**Your objective:**
Your answer must be an exact copy of the records below, with every picture left out.
------------------------------------
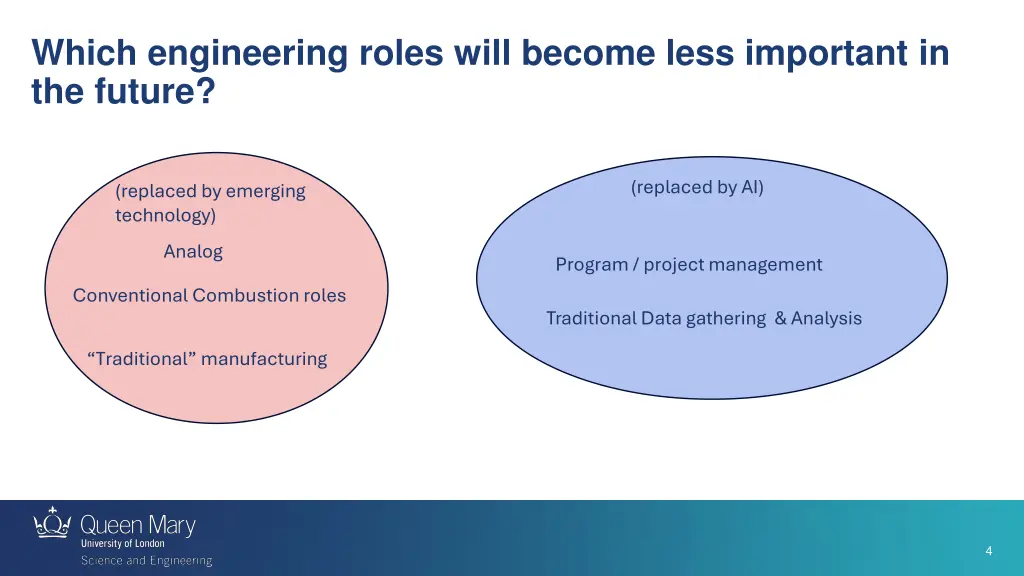 which engineering roles will become less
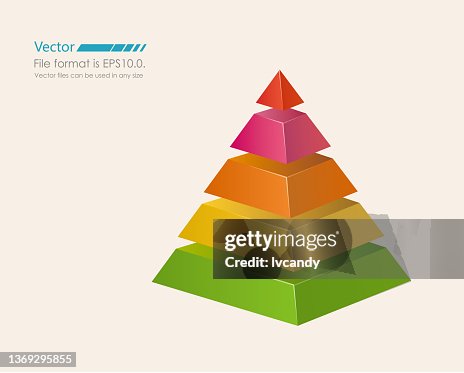 Pyramid statistical chart Pyramid statistical chart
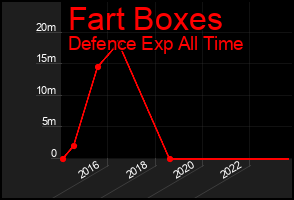Total Graph of Fart Boxes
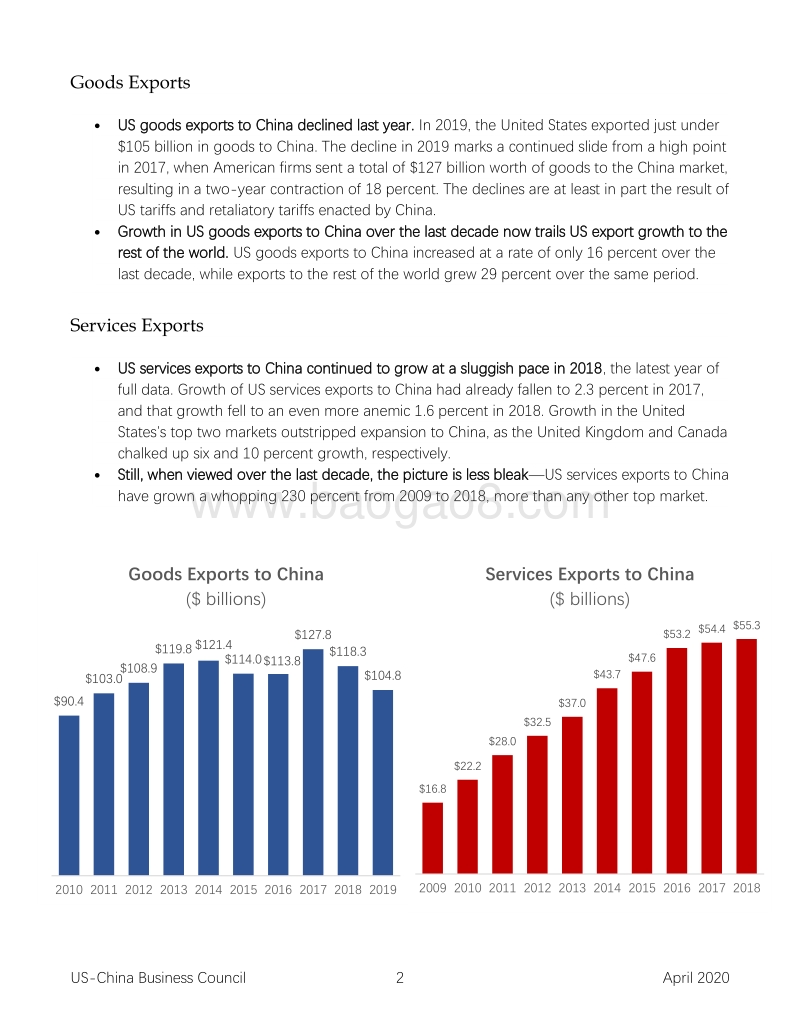 2020年美国各州对中国出口报告（英文版）.pdf_第4页
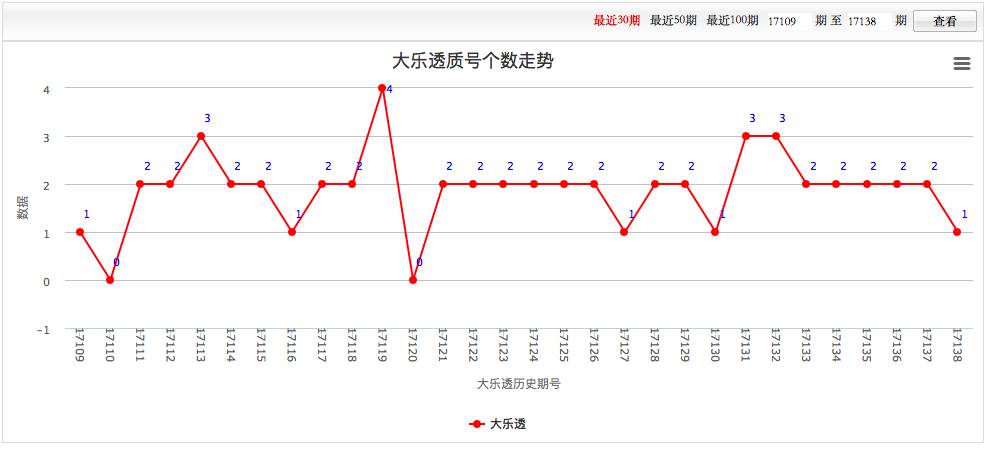 探索大乐透走势图，解锁数字背后的奥秘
------------------------------------
**Exercise output:**
 which engineering roles will become less
 Pyramid statistical chart Pyramid statistical chart
Total Graph of Fart Boxes
 2020年美国各州对中国出口报告（英文版）.pdf_第4页
 探索大乐透走势图，解锁数字背后的奥秘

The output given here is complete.